Charleroi: Industeel plaide l'acquittement après un accident mortel

Industeel à Charleroi
Industeel à Charleroi - © rtbf.be

Le tribunal correctionnel de Charleroi a examiné lundi une affaire d'homicide involontaire par défaut de prévoyance ou de précaution à charge de la société Industeel Belgium de Marchienne-au-Pont (Charleroi).

En février 2015, un accident mortel était survenu sur le site marchiennois d'Industeel Belgium, faisant partie du groupe Arcelor Mittal. Eddy Bernard était chargé ce jour-là de déboucher le trou de coulée afin de permettre à l'acier en fusion de s'écouler du fourneau. Il était ainsi muni d'une lance thermique de six mètres de long qui devait lui servir à "craquer" la dolomie. Un collègue, qui devait allumer la lance au chalumeau en cas de besoin, a subitement senti celle-ci cogner contre son casque. Le temps de se retourner, Eddy Bernard avait chuté 15 mètres plus bas, glissant dans un interstice d'une trentaine de centimètres depuis le marche-pied du chenal sur lequel il était juché.

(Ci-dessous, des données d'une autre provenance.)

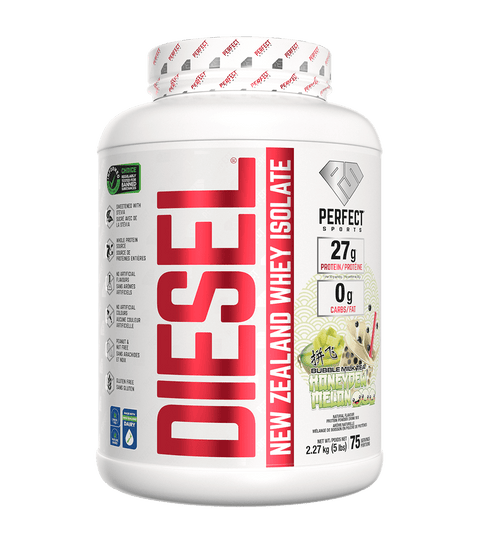 Perfect Sports DIESEL New Zealand Grassfed Whey Protein Isolate 5 lbs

L'enquête menée par l'auditorat et le service du Bien-être au travail avait conclu à un homicide involontaire par défaut de prévoyance ou de précaution dans le chef d'Industeel Belgium, qui a dès lors été renvoyée devant le tribunal correctionnel de Charleroi.

La sécurité en question

Selon la partie civile et le parquet, une analyse de risque effectuée en 2013 avait déjà souligné la nécessité d'installer une rambarde à cet endroit. "Or, rien ou presque n'a été réalisé", a précisé Me Dusaucy, qui a réclamé 1 500 euros pour la sœur de la victime et un euro symbolique pour l'épouse.

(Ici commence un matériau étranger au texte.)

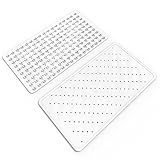 Non Slip Bathtub Mat by Blu-Pier Bath, Equipped with Over 150 Suction Cups and Antibacterial Anti Slip Rubber Bath Mat, Measures 16 x 28 for Universal Fit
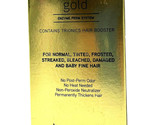 Trionics Gold Enzyme Perm System/Normal,Tinted,Frosted,Streaked,Bleached... - $29.43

Maître Monforti, qui défend les intérêts d'Industeel, a pour sa part plaidé l'acquittement. Selon l'avocate, il s'agit d'une erreur invincible et non d'un défaut de prévoyance. "Depuis 1977, les ouvriers réalisent 7 à 8 coulées quotidiennes et jamais un incident n'était survenu jusqu'alors", a expliqué l'avocate.

Dans ce dossier, une réouverture des débats a été ordonnée par le tribunal. La Défense a pu préciser que la victime était rompue à ce genre de travail puisqu'elle avait déjà réalisé 116 débouchages, ce que conteste la partie civile. Maître Monforti a ajouté que la configuration des lieux est identique dans d'autres sociétés et que jamais un accident mortel n'est survenu. Pour le parquet, en revanche, ces situations démontrent qu'il est temps de donner un signal fort.

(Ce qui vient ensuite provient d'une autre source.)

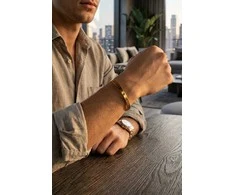 Marc Malone Gold-plated open bracelet Genesis MCGB6119G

Selon Maître Dusaucy, une barre située entre le chenal et le garde-corps n'était pas présente au moment des faits. Ce à quoi la direction répond qu'il s'agissait d'une amélioration de sécurité "testée" par les ouvriers mais qui n'était pas encore jugée utile par toutes les équipes.

Le jugement devrait être rendu le 6 mars.